Hoi,
As indicated by the DBpedia people, there are two ways in which data gets
into their latest Fusion offering. There is consensus, all the available
sources agree and, there is the notion where one source is deemed
authoritative. Remember, DBpedia uses sources outside of the Wikimedia
movement like national libraries !!
What I miss in your paper is purpose, what is the way forward and how does
it compare with and improve on current practice. Current practice is that
people import data from anywhere, typically it is single sourced if at all
and including is introduced human error that is inherent in a manual
process. The DBpedia folks have a WMF sponsored project whereby they
facilitate the inclusion of data to Wikidata. Particularly where there is
consensus (no opposing sources) it is an improvement on current practice,
it complements nicely the existing Wikidata content. The content where
there is NO consensus, is useful because it enables the highlighting where
these errors occur. It will really help in finding false friends.

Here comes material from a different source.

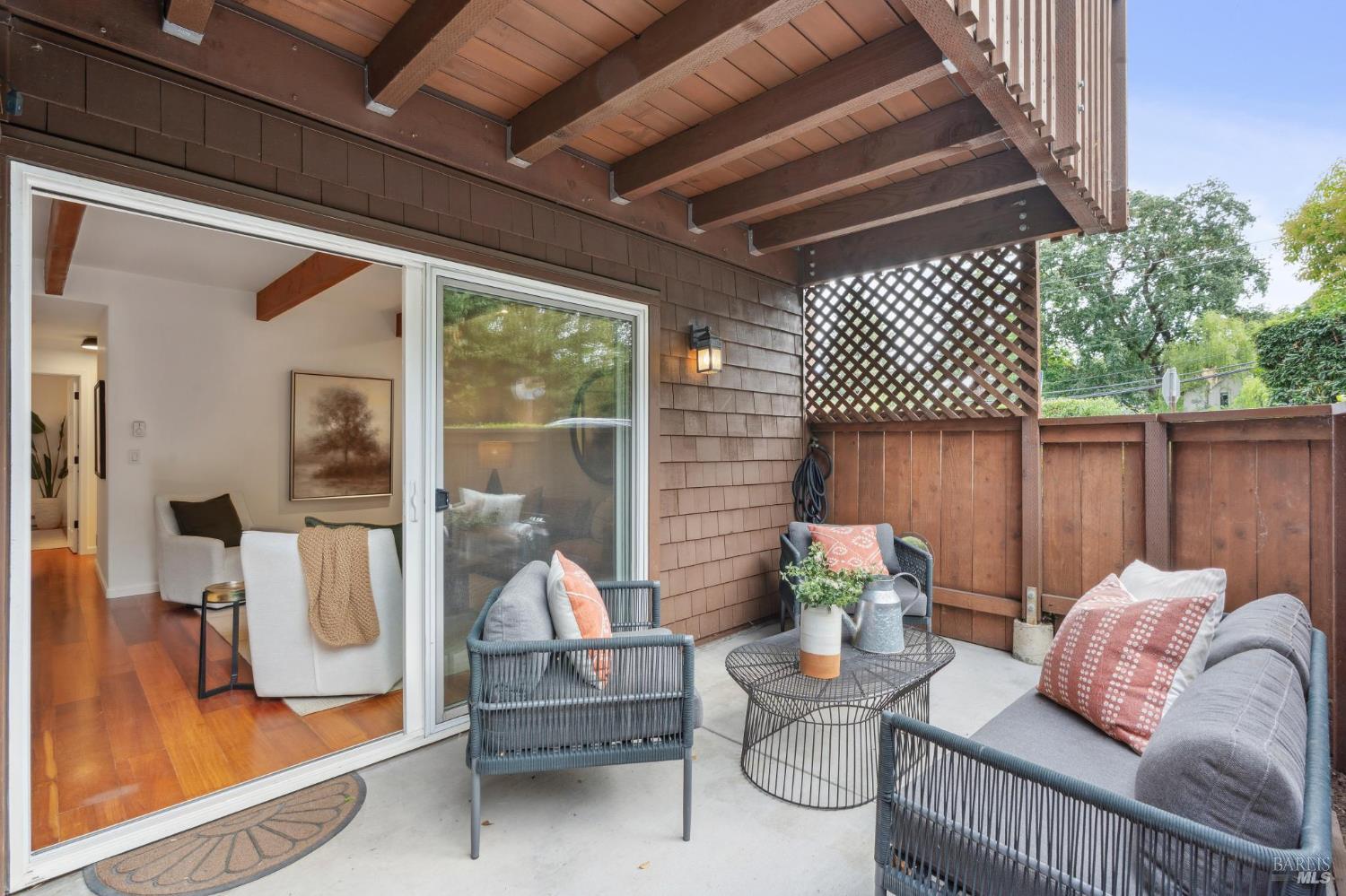 Detail Gallery Image 2 of 19 For 84 Madrone Ave #1,  San Anselmo,  CA 94960 - 2 Beds | 1 Baths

The Freebase data has been abandoned. It did not get the respect it
deserved and particularly at the time its quality was better than Wikidata.
The fact that it is dated IS a saving grace because Wikidata/ Wikipedia is
particularly strong on the content related to the period of Wikipedia
activity. My preferred way of treating the Freebase data is fusing it is
the Fusion project. All the data that is new or expands on what is known in
Fusion is of relevance. Given that no maintenance is done on the Freebase
data, the dissenting data at best can be used for curating what is in the
WMF projects.
In your paper you support the notion of harvesting based on single sources.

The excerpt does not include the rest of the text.